- Índígenas, analfabetos, doentes e moradores de áreas remotas foram enganados
- Descontos indevidos envolviam falsas associações e entidades sindicais
- Investigação mira responsabilidades dentro e fora do INSS
A Polícia Federal (PF) e a Controladoria-Geral da União (CGU) revelaram detalhes estarrecedores sobre um dos maiores esquemas de fraude contra aposentados no Brasil.
A investigação aponta que o golpe, que envolveu descontos indevidos em benefícios do Instituto Nacional do Seguro Social (INSS), teve como principal alvo pessoas em situação de extrema vulnerabilidade, incapazes de se defender ou sequer compreender o que estava acontecendo.
População vulnerável
Segundo trecho do relatório que embasa o inquérito, os criminosos miraram populações com pouca ou nenhuma capacidade de reação: moradores de zonas rurais de difícil acesso, indígenas analfabetos, doentes em estado grave e com mobilidade comprometida, pessoas com deficiência e até beneficiários que vivem fora do país.

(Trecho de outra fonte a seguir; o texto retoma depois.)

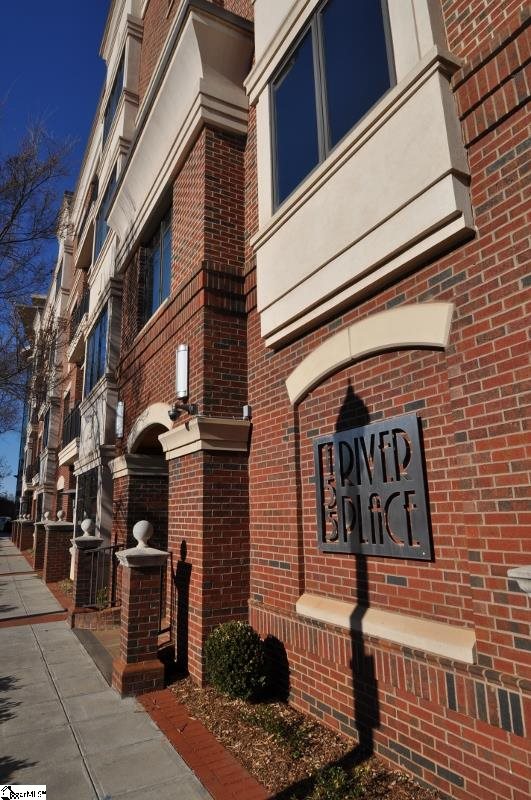 155 Riverplace Unit 201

O documento, baseado em entrevistas conduzidas por auditores da CGU durante a força-tarefa que percorreu diversas regiões do Brasil, indica que os autores da fraude se aproveitaram justamente da condição de invisibilidade dessas vítimas para agir com impunidade.
“São pessoas que vivem isoladas, sem acesso a informações, que não conseguem se deslocar até uma agência do INSS ou mesmo entender a natureza dos descontos feitos em seus benefícios. Em muitos casos, sequer sabiam que estavam filiados a alguma associação ou sindicato”, afirmou um dos investigadores.
Essas associações, de acordo com os investigadores, funcionavam como canais fraudulentos para debitar valores mensais diretamente dos pagamentos dos aposentados e pensionistas. Muitas vezes, os descontos apareciam como filiações a entidades que as vítimas jamais conheceram ou autorizaram.
Falsas entidades
A rede atuava em diversas frentes, contando com a conivência de funcionários públicos, advogados, operadores locais e representantes de falsas entidades sindicais e associativas. As fraudes se alastraram por estados das regiões Norte e Nordeste, com especial concentração em locais de difícil acesso, onde a fiscalização é precária e a população, desassistida.
A PF também investiga se houve falhas ou conivência dentro do próprio INSS, o que pode ter facilitado a continuidade dos golpes ao longo de anos. O prejuízo estimado já ultrapassa a casa dos bilhões de reais, com milhares de vítimas mapeadas até o momento.
Os depoimentos colhidos até agora relatam situações dramáticas. Um dos entrevistados, um indígena do Norte do país, declarou nunca ter assinado qualquer documento ou consentido com filiação a nenhuma associação. Ainda assim, R$ 30 eram descontados todos os meses de seu benefício.
Outro caso envolveu uma senhora acamada, com diagnóstico de doença neurodegenerativa, que perdeu mais de R$ 1.000 ao longo de três anos.
“Ela sequer sabia que havia descontos, pois não tem acesso ao extrato bancário nem familiares próximos que pudessem ajudá-la”, diz um trecho do relatório.
A CGU recomendou uma revisão rigorosa em todos os contratos de consignação ativa no INSS e o fortalecimento da fiscalização para impedir que novos golpes desse tipo ocorram. Além disso, o Ministério da Previdência estuda novas medidas para garantir que apenas o beneficiário, com autenticação digital ou biométrica, possa autorizar descontos futuros.
A investigação segue em sigilo, mas a PF já adiantou que novas fases da operação serão deflagradas nas próximas semanas. E podem, portanto, atingir agentes públicos de alto escalão. As associações fraudulentas devem responder por estelionato qualificado, organização criminosa, falsidade ideológica e violação de direitos humanos.